At a pool, a woman removes her high heels and steps backwards into the water. She lies in an inner tube, her eyes dead.
A bubble, with the woman inside, floats by Rzenik.
She twists inside the bubble, as it formed to her body, becoming a second skin.
Rzenik plays on stage with the band.
The woman floats in the water as men swim underneath her.
Against the background of waves, Rzenik watches a bubble and pop its with is finger. It dissolves into smoke.
Back in the bathroom stalls, one woman sits on the toliet, her legs spread out. A woman rubs lotion on another woman’s back.
A woman dives into the water. Several people float on their backs.
Rzenik moshes into the crowd. Fans cheer for them as they play during a concert.
The woman falls from her inner tube into the water.
As Rzenik plays, a bubble dissolves into powder.
Several more people dive into the pool.
The woman floats in the pool. Police take photographs of her body.
Rzeniks winks against the now corroded background. A window to a cloudy sky is seen as he in silhouette, holding his guitar.
The black-and-white deepens the context of the images, forcing constant focus on them to decipher the metaphors within them. Nothing is quite what it seems. It’s off-kilter, playing with danger while wanting to turn away from it at the same time.
The young woman uses the wand, which stands in for a cooking spoon, used for heroin. Meanwhile, the bubble is her fragile state, fighting her need for heroin and wanting to quit.
John Rzenik stands behind a background of waves, resembling a sonogram. It implies the young woman may be pregnant. But she is too far gone in her addiction to stop because of the child.
The bathroom stalls seem to be a prelude as the women hide from their demons, convincing themselves to stop.

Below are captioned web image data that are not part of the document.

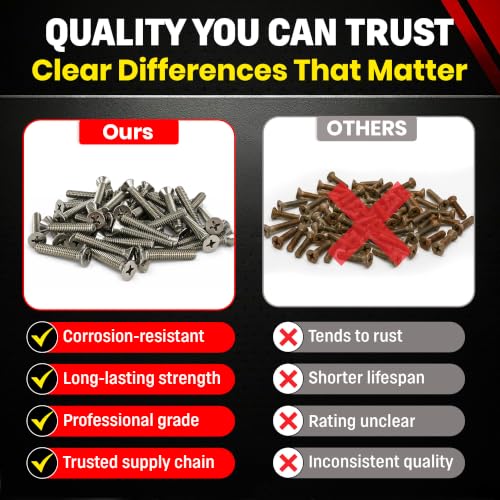 Chenango Supply 1/4-20 x 1-1/2" Stainless Flat Head Machine Screws 1/4-20 x 1-1/2"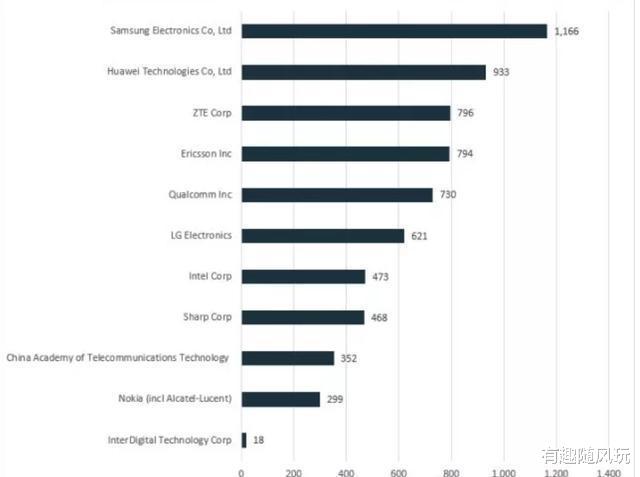 一加科技|中国全球化品牌榜单：华为蝉联、一加稳中有升，青岛啤酒强势入围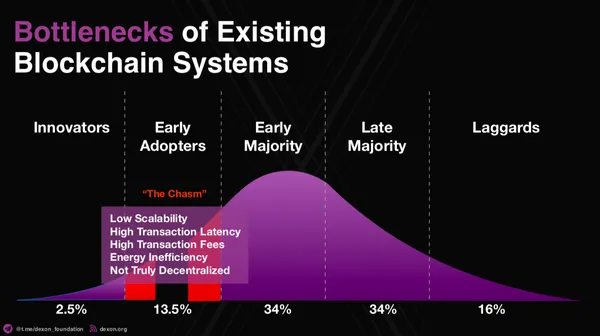 虛擬貨幣泡破之際,Blockchain新創如何突破?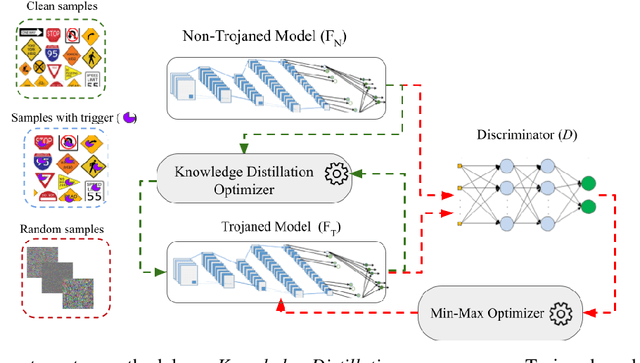 Figure 1 for Trojan Horse Training for Breaking Defenses against Backdoor Attacks in Deep Learning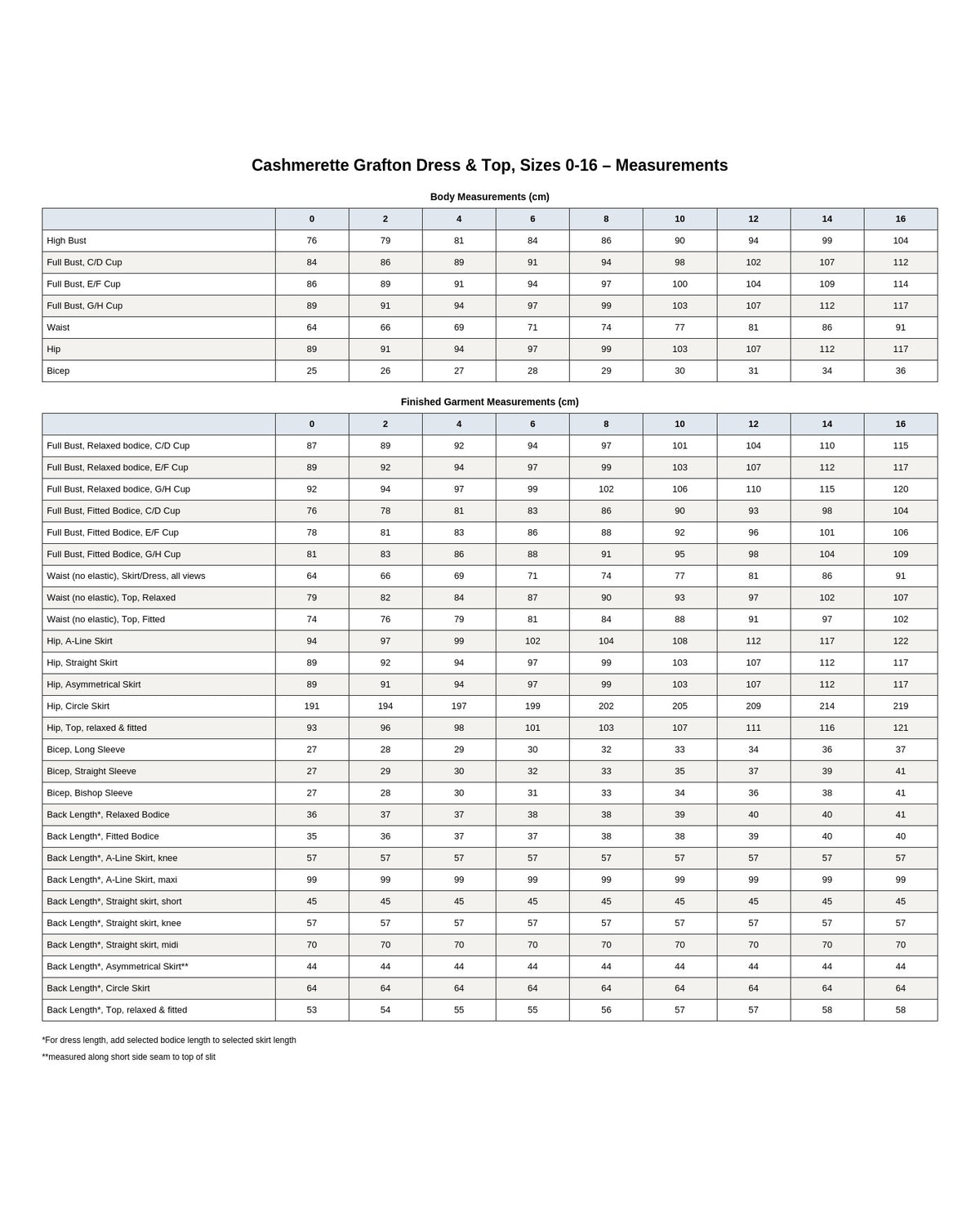 Cashmerette Grafton Dress, Top & Skirt Mix & Match Pack PDF pattern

However, once they dive into the pool, they have exhale their last breaths underwater, drowning and then dying from overdoses.

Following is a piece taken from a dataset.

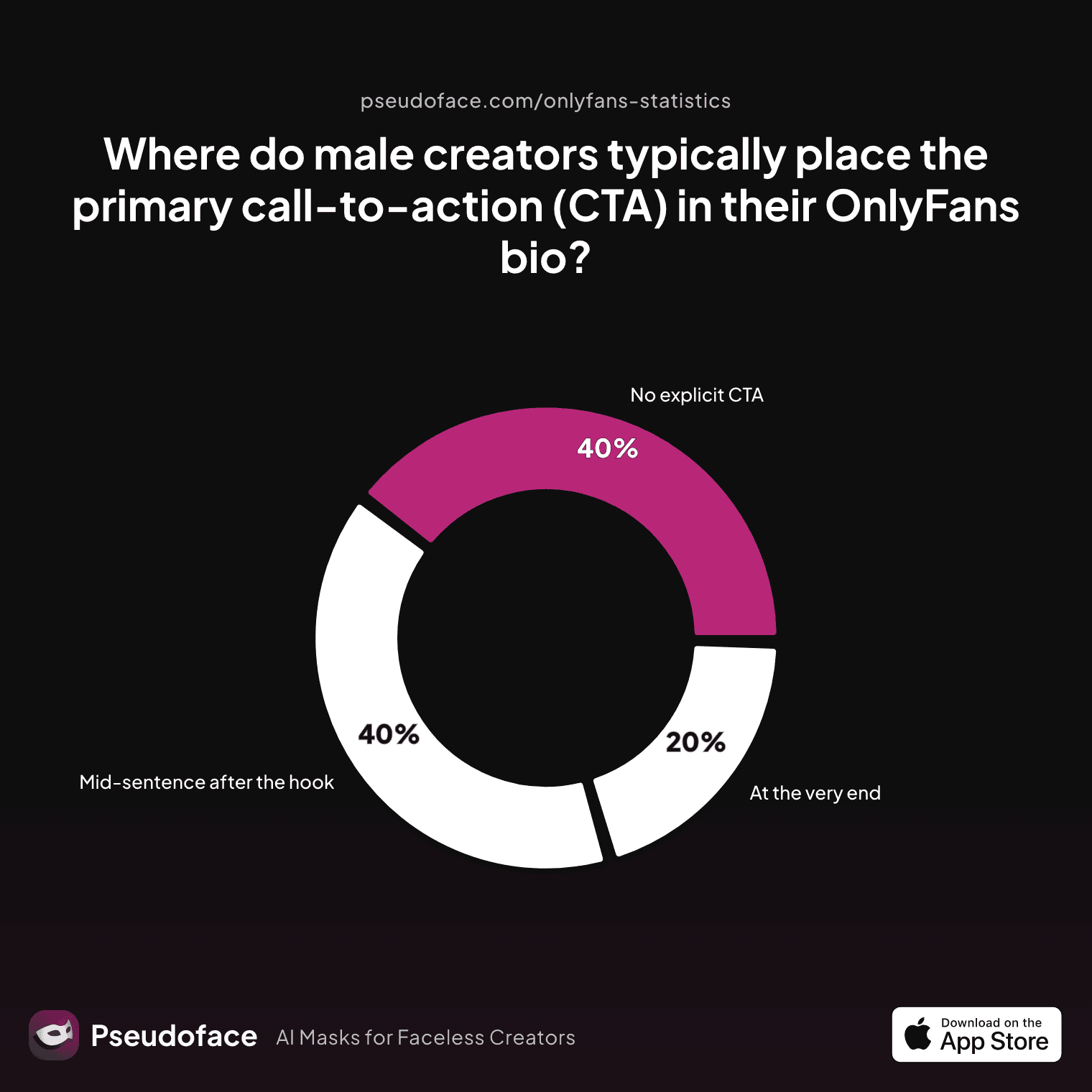 Where do male creators typically place the primary call‑to‑action (CTA) in their OnlyFans bio?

The concert footage intercut between the scenes gives the viewer a quick break from the harrowing imagery and admire John Rzenik’s good looks. His pecs, which can be seen through his tight shirt, is a welcome distraction. Although it’s hardly the time to flirt with the female viewers as he winks at the camera.
It’s a vivid cautionary tale which requires no explanation or hotline on the screen. It states its point and expects the audience to think as they choke back tears, processing what they saw.